Whether using Curl or Wget to retrieve files from potentially-malicious websites, consider what headers you are supplying to the remote site as part of your HTTP request. Many malicious sites look at the headers to determine how or whether to attack the victim, so if they notice Curl's or Wget's identifier in the User-Agent header, you won't get far. Malicious sites also frequently examine the Referer header to target users that came from specific sites, such as Google. Even if you define these headers, the lack of other less-important headers typically set by traditional Web browsers could give you away as an analyst.

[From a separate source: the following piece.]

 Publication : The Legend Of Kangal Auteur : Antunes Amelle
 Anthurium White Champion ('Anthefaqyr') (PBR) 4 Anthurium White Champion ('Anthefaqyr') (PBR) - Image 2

I recommend creating a .curlrc or a .wgetrc file that defines the headers you wish these tools to supply. You can define these options on the command-line when calling Curl and Wget, but I find it more convenient to use the configuration files. Consider using your own web server, "nc -l -p 80", and/or a network sniffer to observe what headers a typical browser such as Internet Explorer sends, and define them in your .curlrc or .wgetrc file. Here's one example of a .curlrc file:

header = "Accept: image/gif, image/jpeg, image/pjpeg, image/pjpeg, application/x-ms-application, application/x-ms-xbap, application/vnd.ms-xpsdocument, application/xaml+xml, */*"
header = "Accept-Language: en-us"
header = "Accept-Encoding: gzip, deflate"
header = "Connection: Keep-Alive"

user-agent = "Mozilla/4.0 (Mozilla/4.0; MSIE 7.0; Windows NT 5.1; SV1; .NET CLR 3.0.04506.30)"
referer = "http://www.google.com/search?hl=en&q=web&aq=f&oq=&aqi=g1"

The syntax for .wgetrc is very similar, except you should not use quotation marks when defining each field. (Here is another example specific to .wgetrc.)

You may need to tweak "user-agent" and "referer" fields for a specific situation. For more examples of User-Agent strings, see UserAgentString.com.

The "Accept-Encoding" specifies that your browser is willing to accept compressed files from the web server. This will slow you down a bit, because you'll need to decompress the responses (e.g., "gunzip"); however, it will make your request seem more legitimate to the malicious website.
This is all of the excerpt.